— Problem description —
Retype, without any change, the first line of the records and every line after it through the one containing "2025 RAM 1500".

— Listed entries —
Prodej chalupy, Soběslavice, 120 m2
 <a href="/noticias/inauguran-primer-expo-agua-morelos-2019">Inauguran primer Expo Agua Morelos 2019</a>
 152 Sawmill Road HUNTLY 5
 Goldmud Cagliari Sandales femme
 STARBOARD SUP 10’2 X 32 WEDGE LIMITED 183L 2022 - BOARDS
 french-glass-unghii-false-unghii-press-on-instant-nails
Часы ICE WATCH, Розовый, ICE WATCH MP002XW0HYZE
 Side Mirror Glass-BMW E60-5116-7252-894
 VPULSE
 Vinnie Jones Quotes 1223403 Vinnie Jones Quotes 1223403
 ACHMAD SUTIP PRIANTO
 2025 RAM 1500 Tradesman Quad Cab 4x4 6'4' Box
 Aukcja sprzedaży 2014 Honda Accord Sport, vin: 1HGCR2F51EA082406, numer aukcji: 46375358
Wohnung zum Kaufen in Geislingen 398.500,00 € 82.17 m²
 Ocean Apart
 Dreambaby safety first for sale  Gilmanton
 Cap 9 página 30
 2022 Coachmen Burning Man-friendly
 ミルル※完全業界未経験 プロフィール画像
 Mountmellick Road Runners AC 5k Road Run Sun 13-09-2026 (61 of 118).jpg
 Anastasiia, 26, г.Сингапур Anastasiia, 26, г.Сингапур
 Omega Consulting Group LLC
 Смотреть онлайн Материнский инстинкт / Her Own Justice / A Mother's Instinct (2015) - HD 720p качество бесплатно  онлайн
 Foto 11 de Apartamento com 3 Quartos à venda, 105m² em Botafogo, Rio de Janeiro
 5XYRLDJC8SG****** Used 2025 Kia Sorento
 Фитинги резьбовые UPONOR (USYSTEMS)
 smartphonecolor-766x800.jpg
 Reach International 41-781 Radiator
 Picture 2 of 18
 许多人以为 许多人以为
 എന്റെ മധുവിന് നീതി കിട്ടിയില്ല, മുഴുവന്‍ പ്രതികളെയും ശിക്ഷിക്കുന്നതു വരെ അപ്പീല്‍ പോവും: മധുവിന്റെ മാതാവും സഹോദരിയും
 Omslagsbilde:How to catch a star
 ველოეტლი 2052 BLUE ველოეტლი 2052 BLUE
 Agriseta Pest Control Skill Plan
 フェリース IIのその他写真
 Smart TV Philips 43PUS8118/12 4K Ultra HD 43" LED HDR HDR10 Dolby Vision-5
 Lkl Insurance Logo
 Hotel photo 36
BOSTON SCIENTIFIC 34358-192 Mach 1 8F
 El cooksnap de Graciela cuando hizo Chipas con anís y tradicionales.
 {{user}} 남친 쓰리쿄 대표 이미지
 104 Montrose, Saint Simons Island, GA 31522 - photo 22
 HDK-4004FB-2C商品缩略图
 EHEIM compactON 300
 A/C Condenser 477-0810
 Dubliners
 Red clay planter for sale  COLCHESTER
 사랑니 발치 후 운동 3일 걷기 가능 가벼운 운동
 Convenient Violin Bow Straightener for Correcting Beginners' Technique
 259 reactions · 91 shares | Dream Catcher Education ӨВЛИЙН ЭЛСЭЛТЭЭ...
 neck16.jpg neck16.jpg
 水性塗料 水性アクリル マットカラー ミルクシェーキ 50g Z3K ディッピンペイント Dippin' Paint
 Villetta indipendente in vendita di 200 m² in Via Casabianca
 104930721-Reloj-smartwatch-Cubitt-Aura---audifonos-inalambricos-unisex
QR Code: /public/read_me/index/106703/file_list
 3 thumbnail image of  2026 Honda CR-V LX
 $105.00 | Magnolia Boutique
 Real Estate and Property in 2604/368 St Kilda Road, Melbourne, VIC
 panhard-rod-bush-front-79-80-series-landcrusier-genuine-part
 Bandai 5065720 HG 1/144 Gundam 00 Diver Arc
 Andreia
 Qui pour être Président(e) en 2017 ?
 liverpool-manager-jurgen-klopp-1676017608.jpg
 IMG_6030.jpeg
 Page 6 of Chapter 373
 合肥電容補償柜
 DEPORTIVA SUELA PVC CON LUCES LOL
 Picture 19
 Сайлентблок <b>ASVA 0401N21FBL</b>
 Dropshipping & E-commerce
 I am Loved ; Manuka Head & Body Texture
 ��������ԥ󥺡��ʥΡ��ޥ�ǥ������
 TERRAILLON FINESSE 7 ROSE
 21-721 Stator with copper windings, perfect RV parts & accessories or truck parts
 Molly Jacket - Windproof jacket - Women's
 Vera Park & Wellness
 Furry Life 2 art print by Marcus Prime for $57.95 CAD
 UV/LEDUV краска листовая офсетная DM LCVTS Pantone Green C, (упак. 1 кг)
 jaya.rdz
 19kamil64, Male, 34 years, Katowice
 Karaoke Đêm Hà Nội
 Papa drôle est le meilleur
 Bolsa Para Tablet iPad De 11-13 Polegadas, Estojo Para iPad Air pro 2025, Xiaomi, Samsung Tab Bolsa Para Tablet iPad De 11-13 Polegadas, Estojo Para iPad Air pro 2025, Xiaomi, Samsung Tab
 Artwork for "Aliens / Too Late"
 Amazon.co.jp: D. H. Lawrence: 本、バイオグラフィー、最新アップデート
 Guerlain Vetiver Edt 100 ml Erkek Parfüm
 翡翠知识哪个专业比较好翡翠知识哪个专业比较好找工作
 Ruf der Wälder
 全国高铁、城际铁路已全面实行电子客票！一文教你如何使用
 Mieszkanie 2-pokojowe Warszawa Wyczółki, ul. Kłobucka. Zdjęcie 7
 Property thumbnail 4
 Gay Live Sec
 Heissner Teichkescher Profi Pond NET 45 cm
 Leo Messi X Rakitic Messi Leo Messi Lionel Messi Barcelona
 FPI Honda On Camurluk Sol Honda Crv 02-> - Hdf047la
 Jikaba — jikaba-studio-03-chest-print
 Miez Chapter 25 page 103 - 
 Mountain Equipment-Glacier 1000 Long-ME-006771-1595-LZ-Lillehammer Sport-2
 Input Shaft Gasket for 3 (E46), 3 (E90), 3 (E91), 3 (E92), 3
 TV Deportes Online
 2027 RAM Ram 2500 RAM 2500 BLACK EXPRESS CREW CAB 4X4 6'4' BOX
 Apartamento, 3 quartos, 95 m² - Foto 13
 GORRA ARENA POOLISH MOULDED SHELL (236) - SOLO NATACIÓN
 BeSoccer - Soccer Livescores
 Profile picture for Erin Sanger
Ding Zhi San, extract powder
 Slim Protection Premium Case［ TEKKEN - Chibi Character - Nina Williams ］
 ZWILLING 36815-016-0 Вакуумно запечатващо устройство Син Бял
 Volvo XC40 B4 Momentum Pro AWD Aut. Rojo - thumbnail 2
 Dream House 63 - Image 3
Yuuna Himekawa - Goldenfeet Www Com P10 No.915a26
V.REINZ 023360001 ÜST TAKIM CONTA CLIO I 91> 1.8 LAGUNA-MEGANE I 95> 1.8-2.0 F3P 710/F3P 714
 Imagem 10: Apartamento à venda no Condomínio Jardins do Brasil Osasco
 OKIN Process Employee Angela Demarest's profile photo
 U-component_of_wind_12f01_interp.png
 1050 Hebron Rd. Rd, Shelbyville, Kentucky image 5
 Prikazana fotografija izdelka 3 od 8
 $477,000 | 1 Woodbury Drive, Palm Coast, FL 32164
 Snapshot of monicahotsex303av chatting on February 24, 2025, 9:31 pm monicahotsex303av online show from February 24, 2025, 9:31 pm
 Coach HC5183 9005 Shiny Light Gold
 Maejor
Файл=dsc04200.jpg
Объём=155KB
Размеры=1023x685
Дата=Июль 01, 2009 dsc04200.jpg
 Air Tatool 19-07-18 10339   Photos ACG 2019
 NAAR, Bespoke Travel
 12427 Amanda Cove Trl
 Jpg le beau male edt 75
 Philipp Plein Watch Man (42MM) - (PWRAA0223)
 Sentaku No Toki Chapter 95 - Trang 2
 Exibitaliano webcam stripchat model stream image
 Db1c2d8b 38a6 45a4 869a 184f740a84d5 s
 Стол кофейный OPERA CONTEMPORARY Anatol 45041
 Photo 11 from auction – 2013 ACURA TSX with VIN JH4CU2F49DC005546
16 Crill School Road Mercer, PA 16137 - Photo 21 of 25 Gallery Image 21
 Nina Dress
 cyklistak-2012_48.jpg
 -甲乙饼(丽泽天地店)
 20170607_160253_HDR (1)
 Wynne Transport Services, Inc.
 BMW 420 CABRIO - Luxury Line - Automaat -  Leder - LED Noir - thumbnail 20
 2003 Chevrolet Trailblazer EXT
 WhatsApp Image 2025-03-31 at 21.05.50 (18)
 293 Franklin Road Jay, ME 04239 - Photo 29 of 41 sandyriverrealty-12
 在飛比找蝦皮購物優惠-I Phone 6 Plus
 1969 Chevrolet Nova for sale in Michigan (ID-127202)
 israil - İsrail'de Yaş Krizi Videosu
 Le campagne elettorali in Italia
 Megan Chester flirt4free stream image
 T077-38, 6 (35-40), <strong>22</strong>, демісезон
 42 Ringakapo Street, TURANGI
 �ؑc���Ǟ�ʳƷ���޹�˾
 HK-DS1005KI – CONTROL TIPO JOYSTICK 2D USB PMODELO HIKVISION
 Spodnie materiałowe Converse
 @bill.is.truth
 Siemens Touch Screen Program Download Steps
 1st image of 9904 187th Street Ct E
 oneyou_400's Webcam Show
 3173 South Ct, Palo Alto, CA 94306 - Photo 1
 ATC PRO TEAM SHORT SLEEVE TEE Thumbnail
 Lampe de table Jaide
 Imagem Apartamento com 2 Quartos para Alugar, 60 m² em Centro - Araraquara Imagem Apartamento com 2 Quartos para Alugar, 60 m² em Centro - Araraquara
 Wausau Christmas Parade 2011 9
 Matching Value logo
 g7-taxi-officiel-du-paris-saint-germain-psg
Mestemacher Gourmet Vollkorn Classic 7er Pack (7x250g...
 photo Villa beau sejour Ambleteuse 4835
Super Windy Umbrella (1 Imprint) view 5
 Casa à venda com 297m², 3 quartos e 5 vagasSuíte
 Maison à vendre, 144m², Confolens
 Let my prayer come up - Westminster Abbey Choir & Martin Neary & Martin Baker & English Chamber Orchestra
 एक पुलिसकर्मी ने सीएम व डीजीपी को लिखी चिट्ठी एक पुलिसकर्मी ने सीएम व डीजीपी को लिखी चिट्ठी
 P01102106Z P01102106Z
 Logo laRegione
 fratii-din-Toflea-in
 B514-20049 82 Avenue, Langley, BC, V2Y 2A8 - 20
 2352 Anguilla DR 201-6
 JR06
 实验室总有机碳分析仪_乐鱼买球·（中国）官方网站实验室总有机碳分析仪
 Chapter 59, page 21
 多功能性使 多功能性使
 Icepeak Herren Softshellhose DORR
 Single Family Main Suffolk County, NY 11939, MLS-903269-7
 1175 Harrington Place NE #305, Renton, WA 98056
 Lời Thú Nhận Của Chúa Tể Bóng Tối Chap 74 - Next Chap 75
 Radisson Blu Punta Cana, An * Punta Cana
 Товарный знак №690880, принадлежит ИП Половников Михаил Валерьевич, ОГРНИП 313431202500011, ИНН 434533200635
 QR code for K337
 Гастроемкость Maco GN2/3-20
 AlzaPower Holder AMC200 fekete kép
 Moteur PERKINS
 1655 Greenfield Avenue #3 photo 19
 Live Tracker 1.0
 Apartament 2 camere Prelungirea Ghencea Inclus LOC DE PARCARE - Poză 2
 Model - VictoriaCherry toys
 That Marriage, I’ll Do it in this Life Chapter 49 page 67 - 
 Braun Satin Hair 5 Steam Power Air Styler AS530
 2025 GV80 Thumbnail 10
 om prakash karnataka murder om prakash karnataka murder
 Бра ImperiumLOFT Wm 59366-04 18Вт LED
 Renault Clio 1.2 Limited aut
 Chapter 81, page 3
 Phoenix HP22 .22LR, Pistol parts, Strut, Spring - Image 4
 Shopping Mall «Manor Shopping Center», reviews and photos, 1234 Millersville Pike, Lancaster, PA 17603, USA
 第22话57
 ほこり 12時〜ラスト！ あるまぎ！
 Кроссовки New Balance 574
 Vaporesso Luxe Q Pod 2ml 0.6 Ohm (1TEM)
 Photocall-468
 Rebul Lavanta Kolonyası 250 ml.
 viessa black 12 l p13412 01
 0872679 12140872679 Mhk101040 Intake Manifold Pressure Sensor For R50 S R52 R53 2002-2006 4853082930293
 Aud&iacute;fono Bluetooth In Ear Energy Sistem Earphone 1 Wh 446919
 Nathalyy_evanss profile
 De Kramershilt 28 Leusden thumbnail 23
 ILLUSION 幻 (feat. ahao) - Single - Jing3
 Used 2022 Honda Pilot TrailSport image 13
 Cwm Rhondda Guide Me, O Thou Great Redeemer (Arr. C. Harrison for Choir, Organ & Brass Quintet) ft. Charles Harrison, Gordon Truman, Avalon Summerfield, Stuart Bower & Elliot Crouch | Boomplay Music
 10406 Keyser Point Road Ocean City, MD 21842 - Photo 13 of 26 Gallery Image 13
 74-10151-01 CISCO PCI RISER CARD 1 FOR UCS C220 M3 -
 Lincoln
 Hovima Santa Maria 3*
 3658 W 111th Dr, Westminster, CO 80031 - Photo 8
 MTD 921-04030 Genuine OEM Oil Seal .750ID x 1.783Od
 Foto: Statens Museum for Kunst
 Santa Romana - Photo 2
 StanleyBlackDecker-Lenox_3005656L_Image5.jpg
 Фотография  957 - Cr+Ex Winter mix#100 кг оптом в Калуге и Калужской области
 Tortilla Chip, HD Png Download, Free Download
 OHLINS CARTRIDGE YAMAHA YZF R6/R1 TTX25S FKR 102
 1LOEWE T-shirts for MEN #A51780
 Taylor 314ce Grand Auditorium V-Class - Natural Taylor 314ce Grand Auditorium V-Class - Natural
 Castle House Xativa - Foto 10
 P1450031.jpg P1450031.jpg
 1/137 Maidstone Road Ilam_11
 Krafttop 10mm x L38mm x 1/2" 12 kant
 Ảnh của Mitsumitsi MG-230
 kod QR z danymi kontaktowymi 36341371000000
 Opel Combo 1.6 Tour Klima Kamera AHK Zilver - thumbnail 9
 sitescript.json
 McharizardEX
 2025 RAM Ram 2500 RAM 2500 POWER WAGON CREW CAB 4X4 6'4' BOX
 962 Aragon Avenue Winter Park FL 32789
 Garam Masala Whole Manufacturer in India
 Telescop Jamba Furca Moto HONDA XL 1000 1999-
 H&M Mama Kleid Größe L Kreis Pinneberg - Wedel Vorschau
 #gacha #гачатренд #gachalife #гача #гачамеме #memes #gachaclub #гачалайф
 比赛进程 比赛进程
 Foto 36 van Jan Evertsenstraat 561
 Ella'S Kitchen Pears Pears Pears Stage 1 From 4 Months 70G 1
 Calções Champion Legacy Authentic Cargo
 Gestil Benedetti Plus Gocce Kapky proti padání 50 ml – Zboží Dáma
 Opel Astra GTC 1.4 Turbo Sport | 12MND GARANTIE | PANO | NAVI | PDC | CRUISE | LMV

— Exercise answer —
Prodej chalupy, Soběslavice, 120 m2
 <a href="/noticias/inauguran-primer-expo-agua-morelos-2019">Inauguran primer Expo Agua Morelos 2019</a>
 152 Sawmill Road HUNTLY 5
 Goldmud Cagliari Sandales femme
 STARBOARD SUP 10’2 X 32 WEDGE LIMITED 183L 2022 - BOARDS
 french-glass-unghii-false-unghii-press-on-instant-nails
Часы ICE WATCH, Розовый, ICE WATCH MP002XW0HYZE
 Side Mirror Glass-BMW E60-5116-7252-894
 VPULSE
 Vinnie Jones Quotes 1223403 Vinnie Jones Quotes 1223403
 ACHMAD SUTIP PRIANTO
 2025 RAM 1500 Tradesman Quad Cab 4x4 6'4' Box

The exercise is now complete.